Probabilistic Cross Categorization
Lace is built on a Bayesian probabilistic model called Probabilistic Cross-Categorization (PCC). PPC groups \(m\) columns into \(1, ..., m\) views, and within each view, groups the \(n\) rows into \(1, ..., n\) categories. PCC uses a non-parametric prior process (the Dirichlet process) to learn the number of view and categories. Each column (feature) is then modeled as a mixture distribution defined by the category partition. For example, a continuous-valued column will be modeled as a mixture of Gaussian distributions. For references on PCC, see the appendix.

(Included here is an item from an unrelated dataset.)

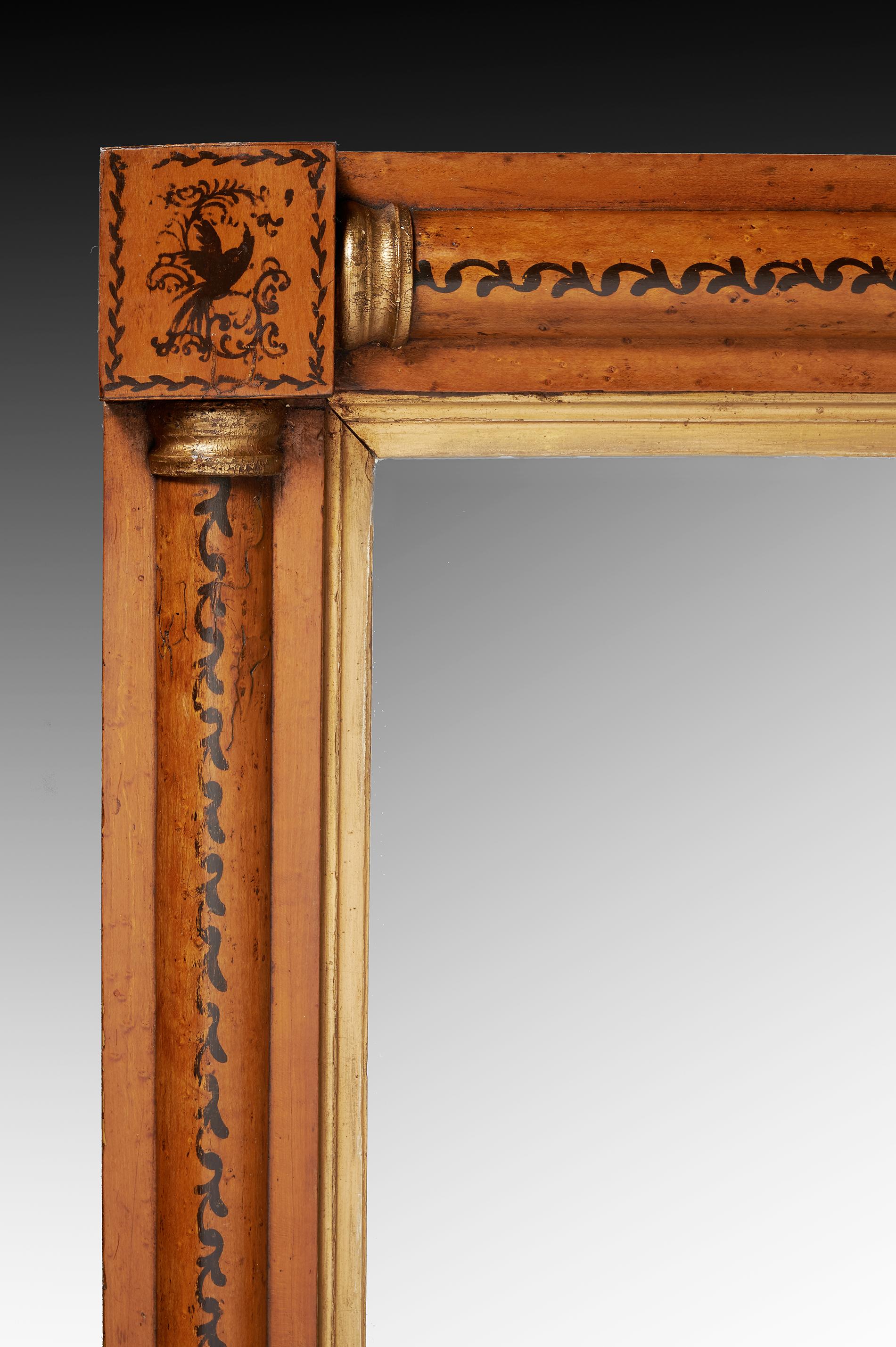 19th Century Regency Maple and Gilt Overmantle Mirror Retaining Original Plate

Differences between PCC and Traditional ML
Inputs and outputs
Regression and classification are defined in terms of learning a funciton \(f(x) \rightarrow y \) that maps inputs, \(x\), to outputs, \(y\). PCC has no notion of inputs and outputs. There is only data. PCC learns a joint distribution \(p(x_1, x_2, ..., x_m)\) from which the user can create condition distributions. To predict \(x_1\) given \(x_2\) and \(x_3\), you find \(\text{argmax}_{x_1} p(x_1|x_2, x_3)\).
Supported data types
Most ML models are designed to handle one type of input data, generally
continuous. This means if you have categorical data, you have to transform it:
you can convert it to a float (e.g. float(x)
in python) and just
sweep the categorical-ness of the data under the rug, you can do something like
one-hot encoding, which significantly
increases dimensionality, or you can use some kind of embedding like in
natural language processing,
which destroys
interpretability. PCC allows your data to stay as they are.
The learning method
Most machine learning models use an optimization algorithm to find a set of parameters that achieves a local minima in the loss function. For example, Deep Neural Networks may use stochastic gradient descent to minimize cross entropy. This results in one parameter set representing one model.
In Lace, we use Markov Chain Monte Carlo to do posterior sampling. That is, we attempt to draw a number of PCC states from the posterior distribution. These states provide a kind of topographical map of the PCC posterior distribution which we can use to do a number of things including computing likelihoods and uncertainties.